■ **Activity**
Only lines that contain the word "Street" are to be returned from the data below.

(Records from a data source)
^^^^^^^^^^^^^^^^
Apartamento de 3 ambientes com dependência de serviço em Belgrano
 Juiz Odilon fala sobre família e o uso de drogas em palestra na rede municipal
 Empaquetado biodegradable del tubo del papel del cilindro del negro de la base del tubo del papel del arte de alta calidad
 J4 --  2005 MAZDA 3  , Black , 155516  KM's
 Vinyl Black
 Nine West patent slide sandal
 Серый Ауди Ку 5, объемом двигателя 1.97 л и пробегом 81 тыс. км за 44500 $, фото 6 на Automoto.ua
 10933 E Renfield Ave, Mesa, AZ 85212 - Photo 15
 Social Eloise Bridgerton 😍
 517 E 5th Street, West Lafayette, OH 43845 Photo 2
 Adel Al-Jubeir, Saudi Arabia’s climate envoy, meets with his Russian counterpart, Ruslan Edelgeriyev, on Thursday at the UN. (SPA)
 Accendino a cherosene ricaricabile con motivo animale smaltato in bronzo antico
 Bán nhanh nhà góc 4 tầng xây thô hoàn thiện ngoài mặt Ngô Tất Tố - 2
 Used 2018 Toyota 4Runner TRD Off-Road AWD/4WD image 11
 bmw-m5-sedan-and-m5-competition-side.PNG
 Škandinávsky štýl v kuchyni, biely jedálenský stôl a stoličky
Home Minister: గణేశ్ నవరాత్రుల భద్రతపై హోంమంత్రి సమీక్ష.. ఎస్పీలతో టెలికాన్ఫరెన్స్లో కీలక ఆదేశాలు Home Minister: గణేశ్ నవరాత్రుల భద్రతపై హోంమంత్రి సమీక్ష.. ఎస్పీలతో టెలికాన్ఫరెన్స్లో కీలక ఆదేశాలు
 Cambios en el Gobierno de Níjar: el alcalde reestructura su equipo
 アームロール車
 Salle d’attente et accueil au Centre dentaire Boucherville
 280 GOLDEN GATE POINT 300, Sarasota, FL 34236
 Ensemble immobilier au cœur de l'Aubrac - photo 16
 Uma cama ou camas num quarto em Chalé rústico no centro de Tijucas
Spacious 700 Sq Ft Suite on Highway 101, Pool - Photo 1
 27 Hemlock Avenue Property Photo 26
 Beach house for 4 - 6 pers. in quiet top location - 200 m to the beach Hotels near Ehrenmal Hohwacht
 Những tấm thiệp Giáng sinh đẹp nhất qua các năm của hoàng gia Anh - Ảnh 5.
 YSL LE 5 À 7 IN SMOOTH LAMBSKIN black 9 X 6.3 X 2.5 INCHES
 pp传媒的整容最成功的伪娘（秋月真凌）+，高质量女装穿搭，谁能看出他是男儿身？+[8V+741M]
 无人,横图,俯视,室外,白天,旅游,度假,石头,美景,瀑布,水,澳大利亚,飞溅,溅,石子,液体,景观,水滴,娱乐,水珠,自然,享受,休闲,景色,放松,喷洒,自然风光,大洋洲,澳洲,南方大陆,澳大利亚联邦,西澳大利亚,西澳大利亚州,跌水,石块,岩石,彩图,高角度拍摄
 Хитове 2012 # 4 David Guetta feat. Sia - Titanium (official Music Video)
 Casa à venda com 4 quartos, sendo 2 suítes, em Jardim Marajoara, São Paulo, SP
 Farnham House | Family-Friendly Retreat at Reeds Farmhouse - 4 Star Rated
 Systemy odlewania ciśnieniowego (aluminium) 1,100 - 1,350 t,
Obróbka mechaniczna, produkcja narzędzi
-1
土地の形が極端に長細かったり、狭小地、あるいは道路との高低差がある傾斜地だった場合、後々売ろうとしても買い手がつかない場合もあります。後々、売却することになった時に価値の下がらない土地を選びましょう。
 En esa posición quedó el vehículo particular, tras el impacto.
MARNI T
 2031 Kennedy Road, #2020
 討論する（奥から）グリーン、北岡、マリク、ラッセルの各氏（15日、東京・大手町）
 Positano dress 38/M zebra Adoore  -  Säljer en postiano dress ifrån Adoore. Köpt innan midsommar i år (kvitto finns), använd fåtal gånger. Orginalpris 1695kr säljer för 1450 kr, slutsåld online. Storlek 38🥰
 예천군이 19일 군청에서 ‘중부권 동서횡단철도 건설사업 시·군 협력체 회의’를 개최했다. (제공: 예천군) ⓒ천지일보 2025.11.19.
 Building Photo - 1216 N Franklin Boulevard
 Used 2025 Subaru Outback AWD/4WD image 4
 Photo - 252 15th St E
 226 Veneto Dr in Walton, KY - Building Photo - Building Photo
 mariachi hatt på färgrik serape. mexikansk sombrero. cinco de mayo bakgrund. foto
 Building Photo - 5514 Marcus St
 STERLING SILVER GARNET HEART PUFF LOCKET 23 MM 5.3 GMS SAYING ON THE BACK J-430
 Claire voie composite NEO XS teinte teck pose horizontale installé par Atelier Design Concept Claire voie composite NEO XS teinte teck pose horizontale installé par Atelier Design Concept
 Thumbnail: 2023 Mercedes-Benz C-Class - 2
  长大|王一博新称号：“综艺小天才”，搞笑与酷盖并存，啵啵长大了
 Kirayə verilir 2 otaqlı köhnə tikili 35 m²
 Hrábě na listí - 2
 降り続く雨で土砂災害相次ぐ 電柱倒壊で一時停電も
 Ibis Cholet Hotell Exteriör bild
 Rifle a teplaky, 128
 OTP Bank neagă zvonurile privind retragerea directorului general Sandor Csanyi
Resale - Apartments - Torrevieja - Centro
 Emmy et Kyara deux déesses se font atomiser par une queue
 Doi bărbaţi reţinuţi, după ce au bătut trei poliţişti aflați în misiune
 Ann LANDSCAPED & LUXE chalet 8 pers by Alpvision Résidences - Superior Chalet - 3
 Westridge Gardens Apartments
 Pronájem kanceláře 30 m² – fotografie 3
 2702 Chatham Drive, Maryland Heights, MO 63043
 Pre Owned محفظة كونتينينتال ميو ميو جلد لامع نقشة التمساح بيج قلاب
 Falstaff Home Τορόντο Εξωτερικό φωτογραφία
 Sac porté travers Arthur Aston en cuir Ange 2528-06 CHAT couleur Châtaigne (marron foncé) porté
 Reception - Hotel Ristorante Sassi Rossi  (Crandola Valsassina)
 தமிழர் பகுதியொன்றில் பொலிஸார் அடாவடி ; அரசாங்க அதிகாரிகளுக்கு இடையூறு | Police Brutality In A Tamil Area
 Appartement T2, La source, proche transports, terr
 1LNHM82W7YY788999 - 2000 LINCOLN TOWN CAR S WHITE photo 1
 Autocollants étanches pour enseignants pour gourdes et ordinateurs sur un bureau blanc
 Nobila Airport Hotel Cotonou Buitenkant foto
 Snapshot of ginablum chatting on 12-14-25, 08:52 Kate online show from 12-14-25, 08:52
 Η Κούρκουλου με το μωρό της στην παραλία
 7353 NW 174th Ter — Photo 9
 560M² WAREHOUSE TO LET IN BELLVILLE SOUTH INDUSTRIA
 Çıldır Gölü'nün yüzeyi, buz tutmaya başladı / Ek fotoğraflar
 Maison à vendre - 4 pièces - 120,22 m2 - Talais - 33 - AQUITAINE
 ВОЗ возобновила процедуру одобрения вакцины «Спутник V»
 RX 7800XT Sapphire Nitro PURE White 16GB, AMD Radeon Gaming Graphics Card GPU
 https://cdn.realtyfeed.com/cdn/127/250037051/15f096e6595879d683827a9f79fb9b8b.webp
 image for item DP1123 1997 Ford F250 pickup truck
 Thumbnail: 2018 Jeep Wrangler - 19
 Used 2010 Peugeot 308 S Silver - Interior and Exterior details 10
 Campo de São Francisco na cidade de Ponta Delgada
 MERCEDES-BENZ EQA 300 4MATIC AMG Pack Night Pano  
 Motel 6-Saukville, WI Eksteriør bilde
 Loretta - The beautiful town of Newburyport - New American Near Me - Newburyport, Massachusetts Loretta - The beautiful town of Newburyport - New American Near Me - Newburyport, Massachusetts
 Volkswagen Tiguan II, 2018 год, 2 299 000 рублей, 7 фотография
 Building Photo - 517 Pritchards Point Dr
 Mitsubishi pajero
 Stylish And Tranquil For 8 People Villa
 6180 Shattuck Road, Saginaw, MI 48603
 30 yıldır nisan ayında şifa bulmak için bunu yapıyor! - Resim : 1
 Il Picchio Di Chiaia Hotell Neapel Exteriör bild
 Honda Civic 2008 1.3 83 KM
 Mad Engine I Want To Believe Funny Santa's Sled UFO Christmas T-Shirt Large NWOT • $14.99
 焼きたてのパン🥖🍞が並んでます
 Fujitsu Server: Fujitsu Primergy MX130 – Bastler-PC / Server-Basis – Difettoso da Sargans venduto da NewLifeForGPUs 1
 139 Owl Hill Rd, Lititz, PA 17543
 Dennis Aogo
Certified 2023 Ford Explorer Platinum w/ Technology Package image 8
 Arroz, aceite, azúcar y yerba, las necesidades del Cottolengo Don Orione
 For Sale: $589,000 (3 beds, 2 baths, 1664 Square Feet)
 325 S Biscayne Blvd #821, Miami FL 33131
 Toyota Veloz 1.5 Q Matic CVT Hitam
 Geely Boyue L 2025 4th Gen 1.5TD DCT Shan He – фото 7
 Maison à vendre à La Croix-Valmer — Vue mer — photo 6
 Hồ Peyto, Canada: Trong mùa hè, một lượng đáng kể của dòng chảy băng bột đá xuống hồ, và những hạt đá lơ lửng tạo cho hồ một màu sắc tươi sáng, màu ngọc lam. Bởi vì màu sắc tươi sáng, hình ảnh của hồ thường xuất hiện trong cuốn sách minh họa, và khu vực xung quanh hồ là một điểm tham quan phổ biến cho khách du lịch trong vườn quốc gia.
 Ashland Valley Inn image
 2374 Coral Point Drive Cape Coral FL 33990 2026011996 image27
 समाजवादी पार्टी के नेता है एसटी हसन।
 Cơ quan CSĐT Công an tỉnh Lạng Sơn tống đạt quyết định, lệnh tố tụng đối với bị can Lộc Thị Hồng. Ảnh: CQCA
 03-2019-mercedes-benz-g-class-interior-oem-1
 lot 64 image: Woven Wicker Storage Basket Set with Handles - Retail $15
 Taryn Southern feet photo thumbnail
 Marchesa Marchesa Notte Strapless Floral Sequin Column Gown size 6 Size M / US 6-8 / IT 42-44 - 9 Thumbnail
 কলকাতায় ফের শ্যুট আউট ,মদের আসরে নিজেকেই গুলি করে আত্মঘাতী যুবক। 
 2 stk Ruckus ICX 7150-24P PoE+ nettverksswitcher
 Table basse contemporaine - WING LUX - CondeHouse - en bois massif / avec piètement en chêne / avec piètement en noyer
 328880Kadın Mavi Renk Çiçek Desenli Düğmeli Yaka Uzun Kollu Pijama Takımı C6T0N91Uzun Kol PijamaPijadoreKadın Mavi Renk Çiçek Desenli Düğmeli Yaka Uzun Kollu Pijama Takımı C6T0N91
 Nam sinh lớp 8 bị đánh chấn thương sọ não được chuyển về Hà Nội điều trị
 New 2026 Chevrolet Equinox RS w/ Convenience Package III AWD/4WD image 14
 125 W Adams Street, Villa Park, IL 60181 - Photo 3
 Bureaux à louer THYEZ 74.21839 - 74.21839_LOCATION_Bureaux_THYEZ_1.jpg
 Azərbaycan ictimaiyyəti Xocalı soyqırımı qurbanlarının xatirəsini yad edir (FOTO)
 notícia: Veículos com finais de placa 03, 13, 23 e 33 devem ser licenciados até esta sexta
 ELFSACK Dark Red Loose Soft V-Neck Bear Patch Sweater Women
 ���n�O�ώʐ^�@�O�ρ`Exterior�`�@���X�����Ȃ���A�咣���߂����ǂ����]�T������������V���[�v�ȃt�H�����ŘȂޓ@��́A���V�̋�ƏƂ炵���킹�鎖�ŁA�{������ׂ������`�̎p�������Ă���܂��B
^^^^^^^^^^^^^^^^
■ **Written response**
 517 E 5th Street, West Lafayette, OH 43845 Photo 2
 125 W Adams Street, Villa Park, IL 60181 - Photo 3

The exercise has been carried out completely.